How to make a good first impression
Referred Link - http://blog.penelopetrunk.com/2013/08/05/how-to-make-a-good-first-impression/
1. Focus on others instead of yourself.
It’s so
traumatic for me to be in the same room with my mom and my dad that I
had to take a Xanax before the dissertation. In fact, I had to take a
Xanax to sleep every night the whole week before the moment when I’d be
in the same room as them. And even then I had such panicked yelling
every night during dreams about my parents that Matthew would have
needed a Xanax as well if it had been much longer.
But this is the
part of my post about my brother’s Ph.D, and it is truly a huge
achievement and also, when I was googling to see what other people wrote
about making a good first impression, I read that people who shine
their light on others are the most charismatic. And I want to be
charismatic. So I’m not going to dwell on the shortcomings of my
parents. Even though just saying shortcomings is a huge understatement.
You can just read about it here. Or here.

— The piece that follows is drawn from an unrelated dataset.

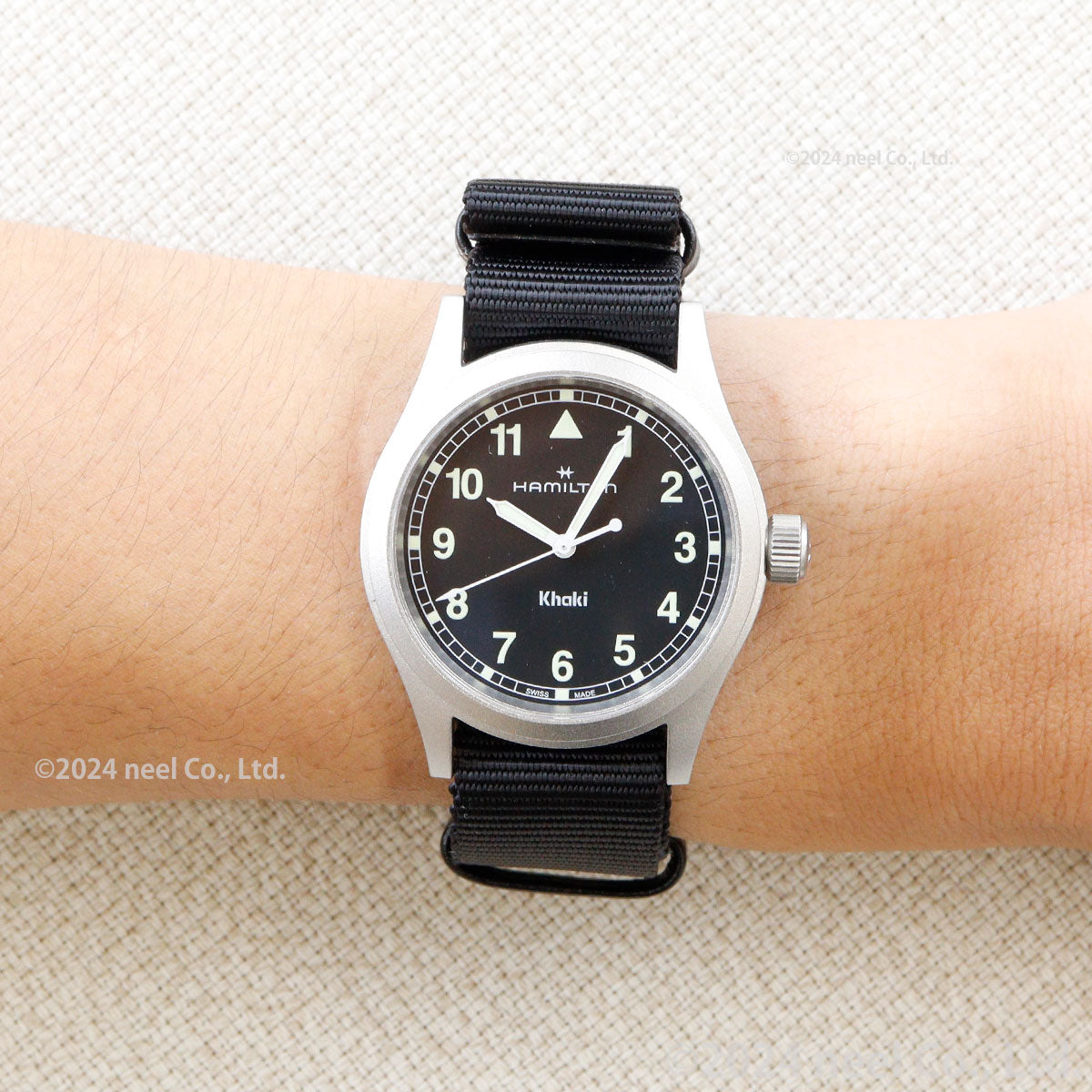 ハミルトン HAMILTON カーキ フィールド クオーツ 38mm H69401430 腕時計 メンズ レディース KHAKI FIELD QUARTZ【正規品】【60回分割手数料無料!】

2. Take the ten-second rule seriously.
So
anyway, my brother got a fellowship at University of Wisconsin. The
odds of him landing an hour away from me were so slim, so I feel really
lucky. And while I was watching diagrams of particles or mico-things or
whatever they are flash across the PowerPoint slides, I was thinking of
that research
about how money doesn’t make you happier but living closer to family
makes you happier. And I believe it. And then I think really, I have
never gone wrong living my life according to research. Or, if I have
made bad decisions, positive psychology research says we should teach ourselves to bounce back fast from bad decisions, so I do. By forgetting I ever made them.
Except
that I look down at my mom’s feet, and realize that she has the cutest
shoes and cutest pedicure and I don’t. I wore closed-toe shoes because I
haven’t gotten a pedicure in months. Which is upsetting because I want
to be fun and cute. People make a decision about us in just seconds. We know this. But when we pretend it’s not true when we cancel appointments for pedicures.
3. You can’t cut corners on personal grooming.
So
my mom is reading this and already freaking out that she’s on my blog.

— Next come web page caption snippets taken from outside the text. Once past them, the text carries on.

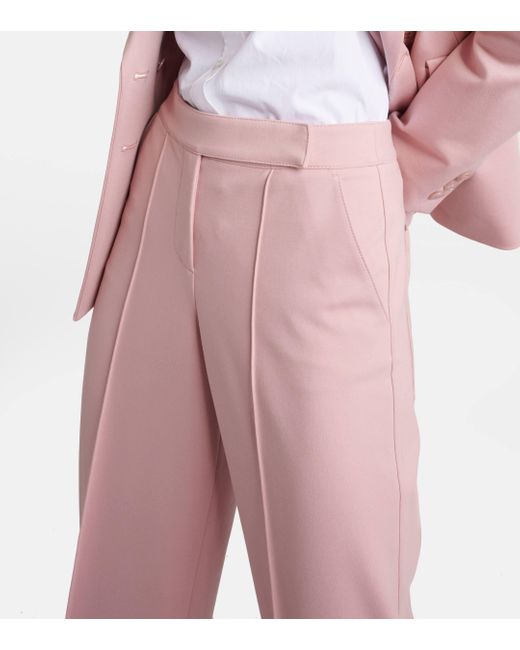 Pantalon ample Emotional Essence Dorothee Schumacher en coloris Pink
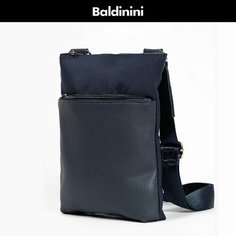 Сумка кросс-боди Baldinini, синий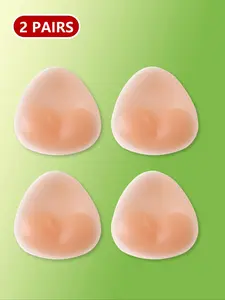 Women's Silicone Bra Insert, Invisible Breathable Push Up Breast Pads, Women's Lingerie Accessories for Daily Wear, Push Up Padded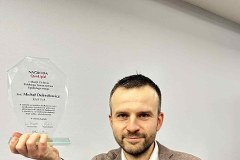 Michał Dobrołowicz odebrał Nagrodę QuoLipid. Galeria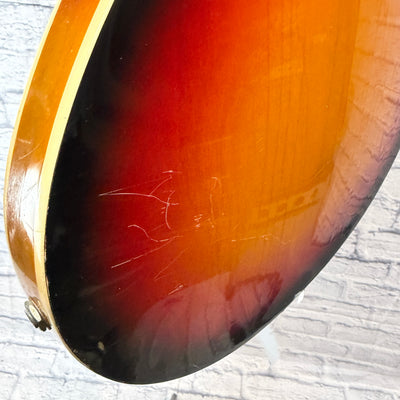 Vintage 1960s Hollow Body Electric - Project Guitar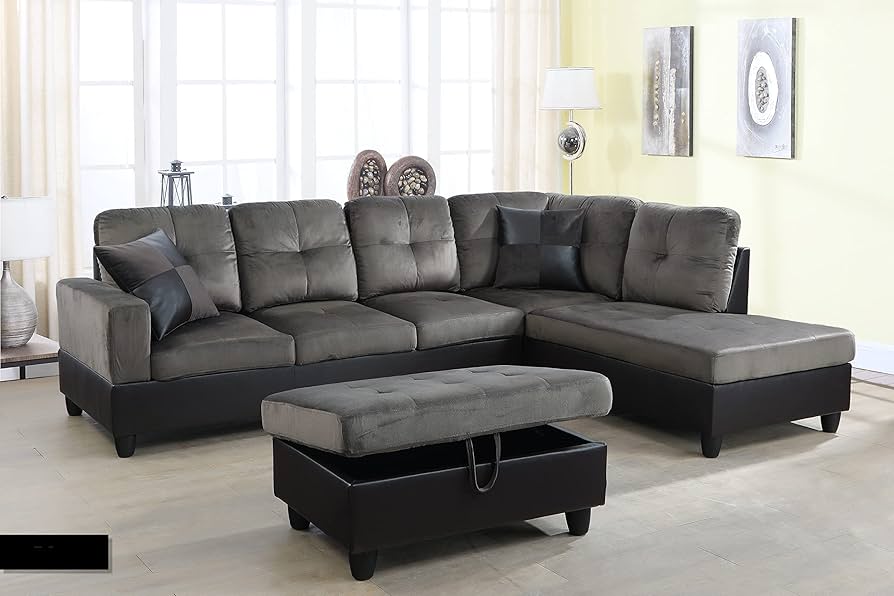 Amazon｜Golden Coast (ゴールデンコースト) セクションソファ3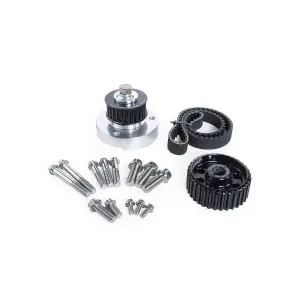114051200 | PPE Performance Pump Drive Kit (Pulleys And Belt) For Dry Sump Pump GM 6.6L Duramax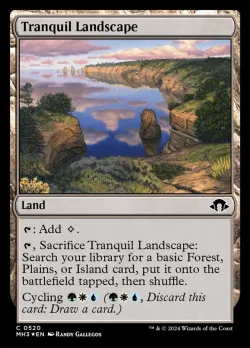 Tranquil Landscape 「MH3/520」「EN」
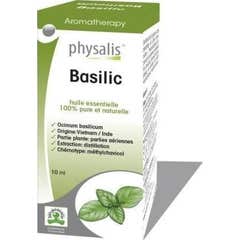 Physalis Aceite Esencial de Albahaca Bio 10 ml
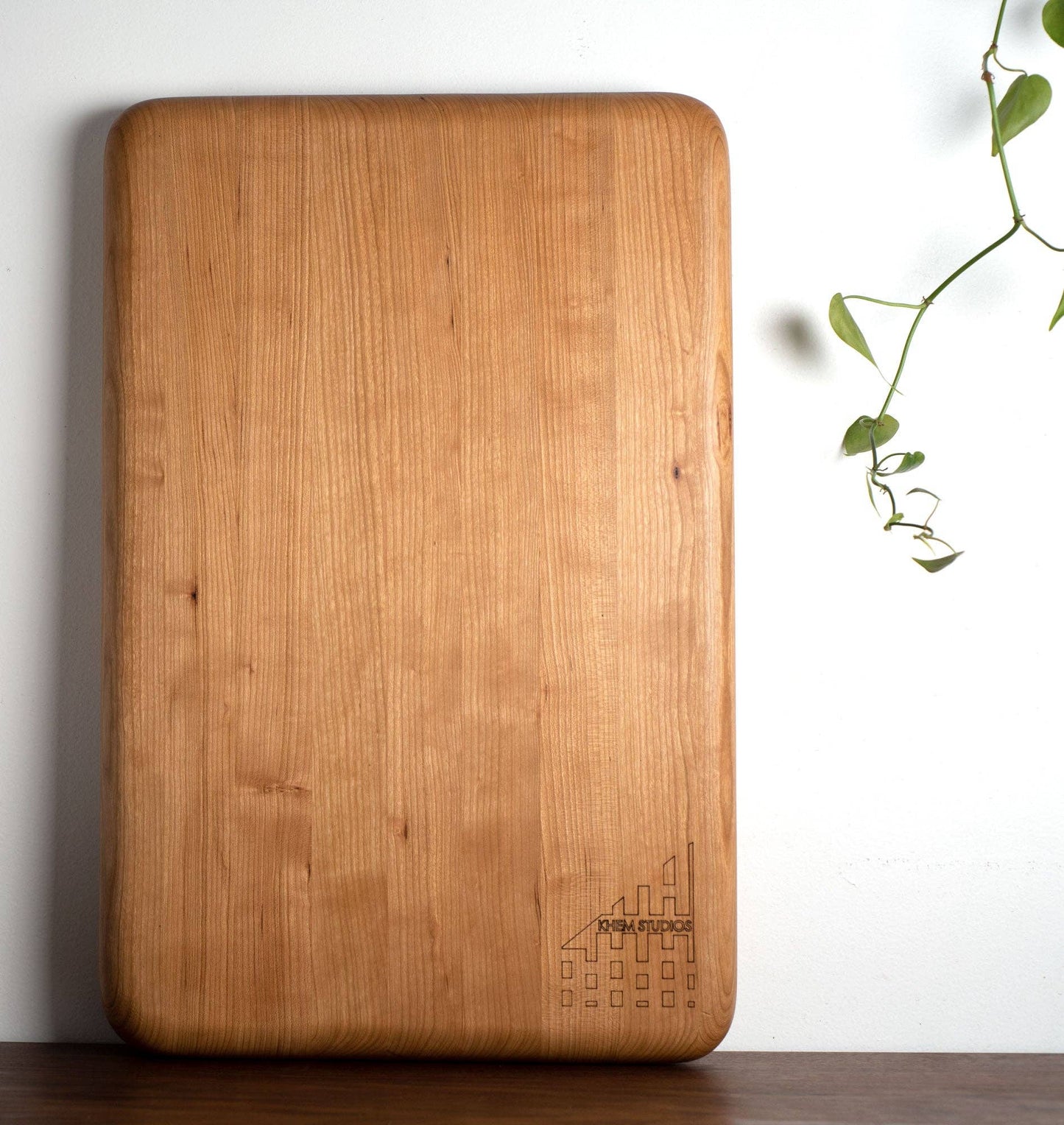 American Walnut Pillow Edge Butcher Block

Because really, no one with good sense wants to show up on my blog, and
my mom is smart. She was on Jeopardy. She can do the New York Times
crossword puzzle on Sundays. With a pen. And she knows she destroyed my
childhood with violent triangulation
between me and my mom and dad, so she knows no good can come of her
being in anything I write. (Note: She would agree with me about the
destroyed childhood, but not the triangulation). So at this point in the
post she is getting ready to call my brother who did not come to the
dissertation defense because he was out of town. (And his absence makes
it seem justified that it’s his job to field my mom’s calls about how
it’s not fair that she’s on the blog.)
But in this blog post my
mom is the star example of the one who makes a good first impression.
It’s not just that she has adorable shoes and a hipster pedicure. She
also has very white teeth. Not stupidly too-white, but good
casual-white. A white that says, “I take care of myself and I am not
retarded about making a good first impression.”

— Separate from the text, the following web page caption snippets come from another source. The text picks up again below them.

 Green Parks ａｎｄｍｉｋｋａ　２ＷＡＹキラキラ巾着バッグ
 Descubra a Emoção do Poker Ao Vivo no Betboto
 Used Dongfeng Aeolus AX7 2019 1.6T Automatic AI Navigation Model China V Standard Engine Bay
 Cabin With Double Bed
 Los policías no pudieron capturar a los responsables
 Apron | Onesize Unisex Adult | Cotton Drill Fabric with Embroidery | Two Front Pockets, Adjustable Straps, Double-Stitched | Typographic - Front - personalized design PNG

You need white teeth to make a good first impression.
Don’t tell me exceptions to the rule, okay? They are exceptions so they
are not useful. It’s like starting out teaching Chinese kids to write
english by teaching them to spell said.
4. Get competent advice about your visual impression.
I got my teeth bleached when I first moved to Wisconsin and it was traumatic. They burned my lips. This is when I gave up on personal grooming stuff in small cities. It’s why I fly to LA for haircuts and it’s why I don’t have a pedicure, probably. Because I make too big a production of it.
So my mom has gorgeous white teeth and I don’t and you know what the killer is? Lustre, a teeth whitening company, is paying me to be part of their career makeover contest.
I should have told them to keep the money and just whiten my teeth. And
I worry the only reason the teeth-whitening place thinks my teeth are
okay for their contest is that Melissa made my teeth look white when she
edited the photo they used.
I wish Melissa could edit my reality.
All I want is to just blow people away with how charismatic I am. And
please, don’t tell me it doesn’t matter. We are programmed to make
excellent snap judgments based on appearance. We can decide with
surprising accuracy who will win an election by looking at two photos
for a microsecond.
5. Listen more than you talk.
I
tell my brother (later, when I am popping a Xanax to prepare for family
dinner), “great job” and rah rah rah, because charismatic people talk
about other people instead of themselves. Also, charismatic people are good listeners,
which I will never be, so I go to the bathroom to take a break from
family banter. I google charisma. I think I’m losing mine. I find that I can get coached for charisma, and then I realize that I have already been coached for charisma. Which is maybe why I would have a lot if I could just loosen up.
Or be on time. I google “how to make a good first impression” and the first article I read says
to be on time. I tell myself for sure I’m asking for free white teeth,
because I’m at a stage in my life where I know my own first-impression
limitations, and I’m going to have to focus on the stuff I can buy.